While the majority of college students borrow manageable amounts and successfully avoid loan default, a growing number of students are accumulating too much of the wrong type of debt.
Borrowers who find themselves in trouble have often turned to riskier (and often more expensive) private student loans before exhausting their federal student loan eligibility. Federal student loans offer protections like fixed interest rates, income-based repayment and loan forgiveness provisions that are lacking in private student loans. In 2008, 64 percent of private loan borrowers didn’t exhaust their federal loan options and 26 percent didn’t borrow any federal loans, according to the Institute for College Access and Success.
Fortunately, this is easily correctable. All lenders should be required to have colleges certify a private loan before disbursing it, so schools will know who is getting these loans and can counsel them.
High-debt borrowers often get into trouble because they don’t fully understand the risks, repayment responsibilities and total cost of their borrowing. A recent National Economic Research Associates survey of 6,500 high-debt student loan borrowers found that 65 percent misunderstood or were surprised by aspects of their student loans or the student loan process.
Unlike the federal loan process where the school certifies a student’s cost of attendance and loan amounts, the private process only requires schools to provide students with the information they need to confirm their enrollment, cost of attendance and the financial aid they have already received. Until there is a streamlined method for schools to track all private borrowers, schools will continue to waste valuable resources finding them. These resources would be better spent advising students on how to best finance their education.

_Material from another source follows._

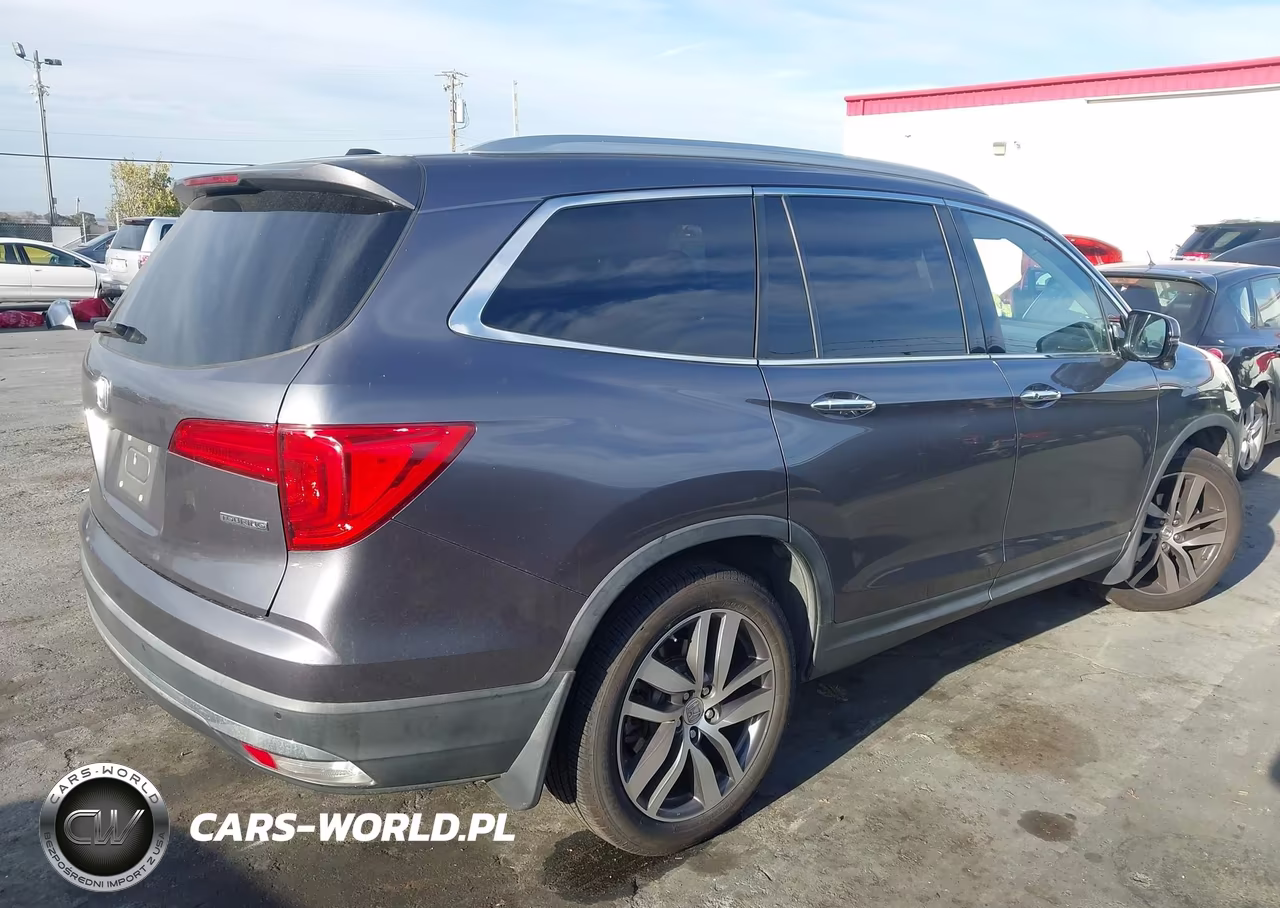 2017 Honda Pilot Touring VIN:5FNYF5H94HB007645 - 4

Consumer and student advocates, private loan companies and the higher education community have all asked Congress to pass legislation that would require private loans to be certified by the school before a single dollar can be disbursed. This would provide a crucial opportunity for financial aid offices to identify borrowers who are at risk of taking on unmanageable debt loads or haven’t exhausted other financial aid opportunities.
Justin Draeger is president and chief execuive of the National Association of Student Financial Aid Administrators.